Experto en presentir emboscadas nocturnas, Chon la huele ahora, junto con la gobernadora y el mapacho, los aromas suaves del desierto, incluso en una noche fresca como aquélla.
—¿Están aquí? —pregunta Ben.
—Pues sí —dice Chon—. A ambos lados.
No cabe duda de que están tumbados en la maleza cercana al área de descanso y al otro lado de la carretera.
—En cuanto tengas a O. —repite Chon—, te echas al suelo y ni se te ocurra levantarte.
—Ajá.
—¿Ben?
—¿Qué?
—Menudo viaje.
—Pues sí.
Ben se mete una pistola en la parte trasera del cinturón, coge a Magda y la hace salir del coche.
Chon saca los dos AR de la parte de atrás.
Lado se mete una pistola en el cinturón, da la vuelta hacia la portezuela del acompañante y saca a O. del coche. La muy zorra todavía está medio ida.
Le tiemblan las piernas.
«Es lógico —piensa Lado—, con lo que le he dado.»
Se acerca al coche de los
güeros
.
Elena se apea del Land Rover.
Hernán, a su lado.
Ve a uno de aquellos cabrones que se acerca con Magda delante de él.

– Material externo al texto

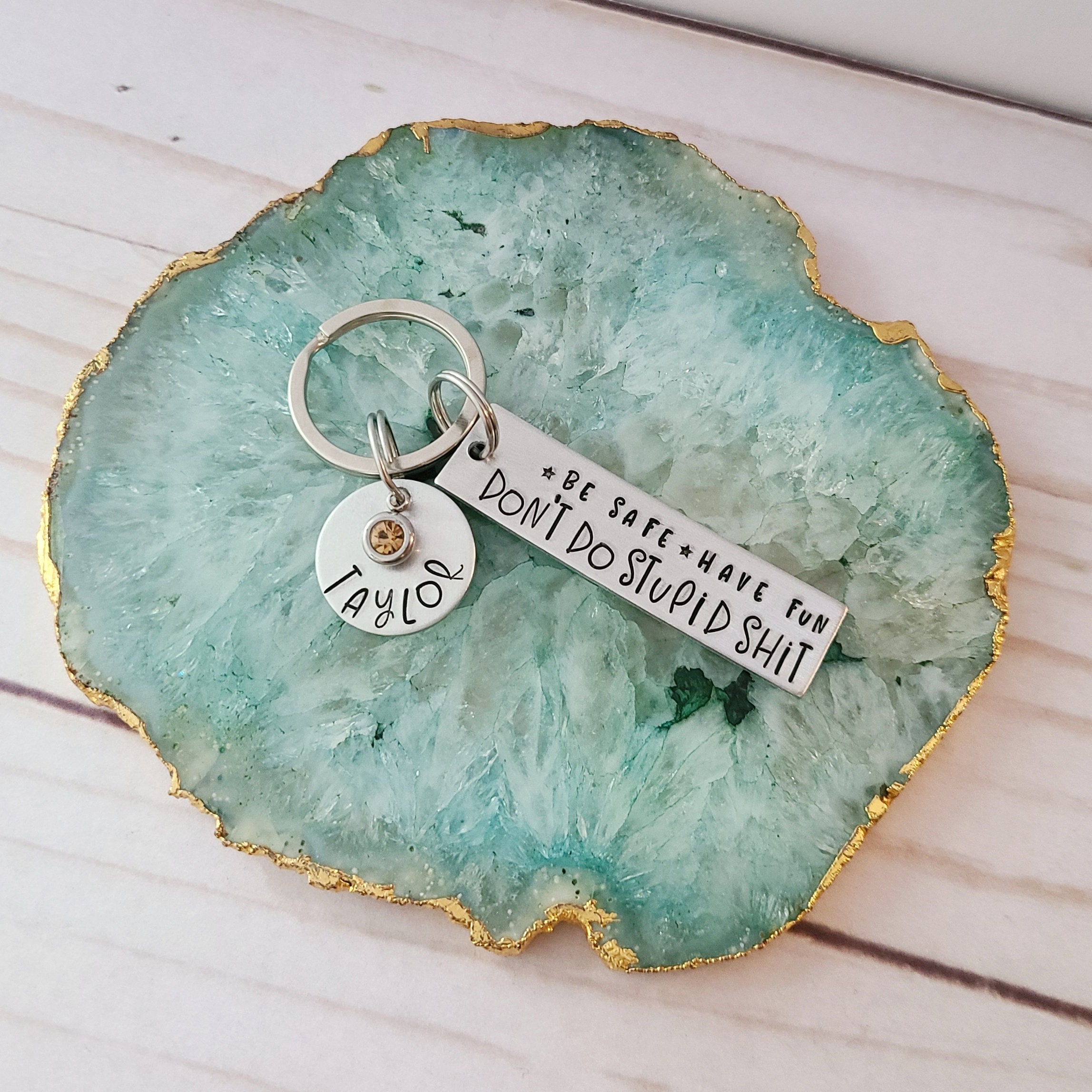 Be Safe Have Fun Don't Do Stupid Shit Keychain – Candidly K Handmade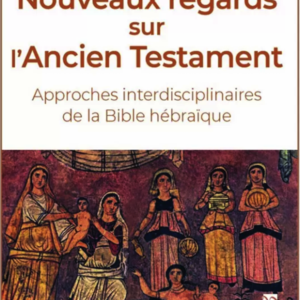 Antier Guilhen – Nocquet Dany : Nouveaux regards sur l'Ancien Testament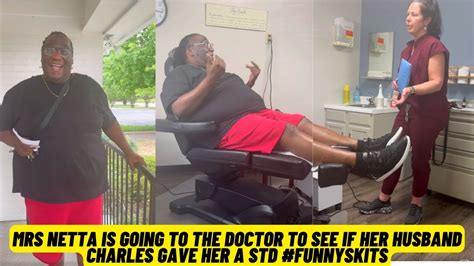 Mrs Netta Is Going To The Doctor To See If Her Husband Charles Gave Her A Std Funnyskits Youtube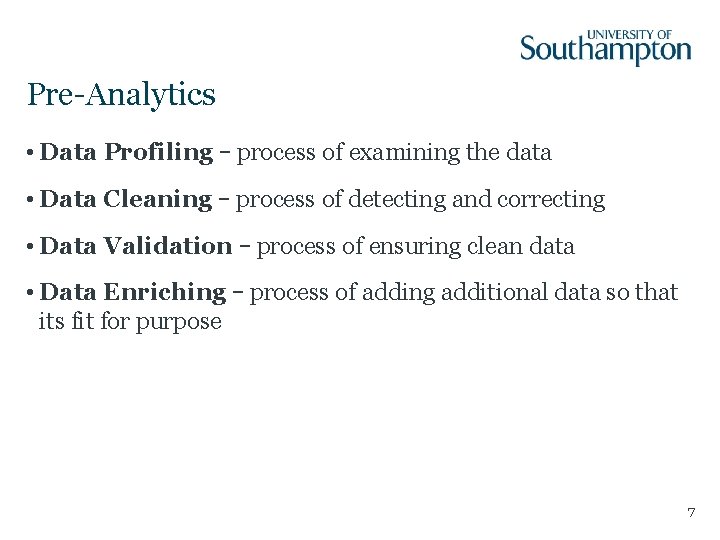 Pre-Analytics • Data Profiling – process of examining the data • Data Cleaning – Pre-Analytics • Data Profiling – process of examining the data • Data Cleaning –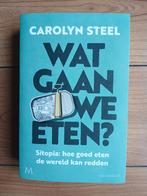 Carolyn Steel - Wat gaan we eten?, Ophalen of Verzenden, Zo goed als nieuw, Carolyn Steel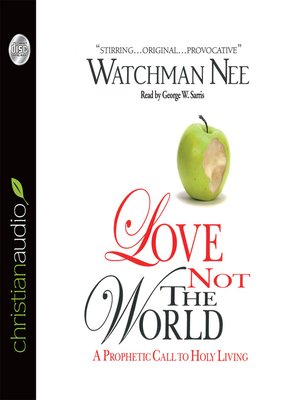 cover image of Love Not the World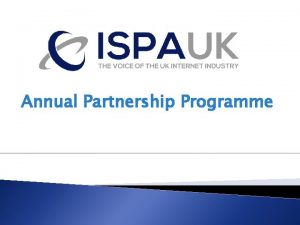 Annual Partnership Programme Who are ISPA Founded in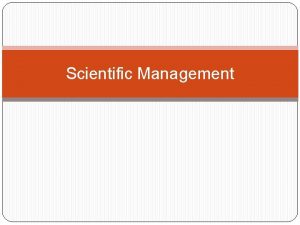 Scientific management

«Gracias a Dios, gracias a Dios, gracias a Dios.»
En cuanto la suelte, sus hombres saben que tienen que abrir fuego.
—¡Suéltala! —grita Lado—. ¡Envíala hacia aquí!
—¡Y tú también! —responde Ben.
Da a Magda un empujoncito en dirección a Lado.
Lado hace lo mismo con O.
En cuanto Magda queda fuera del alcance de Ben, Elena hace una señal con la cabeza.
La noche se llena de luz.
Los fogonazos rojos salen de la boca de las doce armas, todas apuntando hacia...
Lado.
En aquel momento, Elena grita:
—¡Soplón!
Es lo que le ha contado Dolores.
Lado parece la Bruja mala del Oeste.
Se desvanece delante de Dorothy O.
Ben corre hacia ella, la derriba y la sujeta a tierra.
Los dos ven a Lado que se pone a bailar una giga.
Con pies muy ligeros —como se suele decir— para un hombre de su tamaño, regresa de puntillas a su coche, como si pensara aún que puede entrar y escabullirse de aquello, hasta que tropieza y cae de cara sobre el capó y después se desliza hacia abajo, mientras su sangre va dejando una mancha sobre la pintura negra reluciente.
Un pistolero sale de la oscuridad, lo coge del pelo y le tira el cuello hacia atrás.
El
machete
es un destello plateado a la luz de la luna.